Let's compute NLL and sample to make sure everything works.

In [None]:
rvd = pred['marginal']

In [None]:
rvd.sample(use_mode=True)

RedshiftTileCatalog(64 x 20 x 20)

In [None]:
rvd.compute_nll(target_cat1).shape

torch.Size([64, 20, 20])

### Example Training Loop

***This cell runs pretty slowly. All on CPU for illustration.***

In [None]:
niter = 300
optimizer = torch.optim.Adam(encoder.parameters(), lr=1e-3)
for i in range(niter):
    # Many of the lines below are redundant because we have a single batch
    # so quantities don't change.
    
    target_cat = RedshiftTileCatalog(encoder.tile_slen, test_batch["tile_catalog"])
    # filter out undetectable sources
    if encoder.min_flux_threshold > 0:
        target_cat = target_cat.filter_tile_catalog_by_flux(min_flux=encoder.min_flux_threshold)
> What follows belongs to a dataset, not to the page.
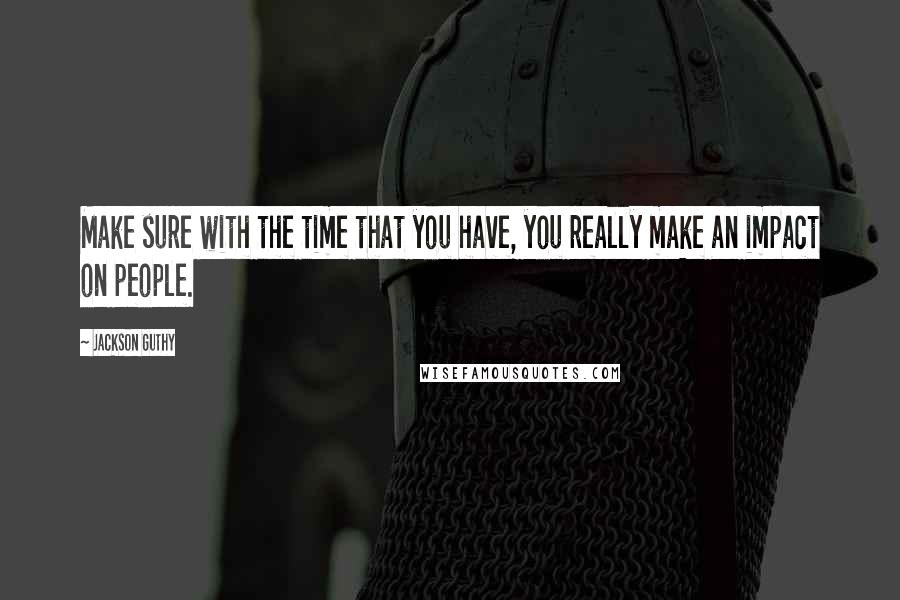 Jackson Guthy Quotes: Make sure with the time that you have, you really make an impact on people.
    # make predictions/inferences
    target_cat1 = target_cat.get_brightest_sources_per_tile(band=2, exclude_num=0)
    truth_callback = lambda _: target_cat1
    pred = encoder.infer(test_batch, truth_callback)
    rvd = pred['marginal']
    
    # Main gradient step code
    optimizer.zero_grad()
    loss = rvd.compute_nll(target_cat1).mean()
    loss.backward()
    optimizer.step()
    
    if i % 10 == 0:
        print('Iteration {}: Loss {}'.format(i, loss.item()))
    

Iteration 0: Loss 31.29745101928711
Iteration 10: Loss 5.976312160491943
Iteration 20: Loss 5.461785316467285
Iteration 30: Loss 4.9790143966674805
Iteration 40: Loss 4.622425079345703
Iteration 50: Loss 4.379827976226807
Iteration 60: Loss 4.2173662185668945
Iteration 70: Loss 4.101867198944092
Iteration 80: Loss 4.002026557922363
Iteration 90: Loss 3.91727352142334
Iteration 100: Loss 3.8605949878692627
Iteration 110: Loss 3.7549383640289307
Iteration 120: Loss 3.747856855392456
Iteration 130: Loss 3.656813383102417
Iteration 140: Loss 3.6292967796325684
Iteration 150: Loss 3.5320780277252197
Iteration 160: Loss 3.470863103866577
Iteration 170: Loss 3.44598388671875
Iteration 180: Loss 3.3535513877868652
Iteration 190: Loss 3.4474265575408936
Iteration 200: Loss 3.3439383506774902
Iteration 210: Loss 3.2493293285369873
Iteration 220: Loss 3.5173134803771973
Iteration 230: Loss 3.2241787910461426
Iteration 240: Loss 3.138590097427368
Iteration 250: Loss 3.0926873683929443
Iteration 26

Let's check how we're doing on the redshift variational distributions. Recall the prior on redshift is extremely concentrated as this is a toy case for now.

In [None]:
cfg.prior.redshift_min, cfg.prior.redshift_max

(0.99, 1.01)

In [None]:
q = rvd.factors
q["redshift"].loc.flatten()

tensor([0.9924, 0.9927, 0.9909,  ..., 0.9837, 0.9853, 0.9877],
       grad_fn=<UnsafeViewBackward0>)

In [None]:
q["redshift"].scale.flatten()

tensor([0.0416, 0.0426, 0.0425,  ..., 0.0421, 0.0418, 0.0419],
       grad_fn=<ReshapeAliasBackward0>)

The locations are looking pretty good; the scales are still way too big, but at least the variational distributions are overdispersed. The variational distribution is misspecified: the prior is $\textrm{Unif}(0.99, 1.01)$, and we have not modified the decoder $p(x \mid z)$ at all. In other words, redshift has no impact on the data right now. Accordingly, the posterior should be equal to the prior.

Of course we don't achieve that, because the variational distribution is constained to be Gaussian. We'd hope with more trainin we could get even more highly concentrated Gaussians approximately in the interval $[0.99,1.01]$ but the above suffices for now as a sanity check.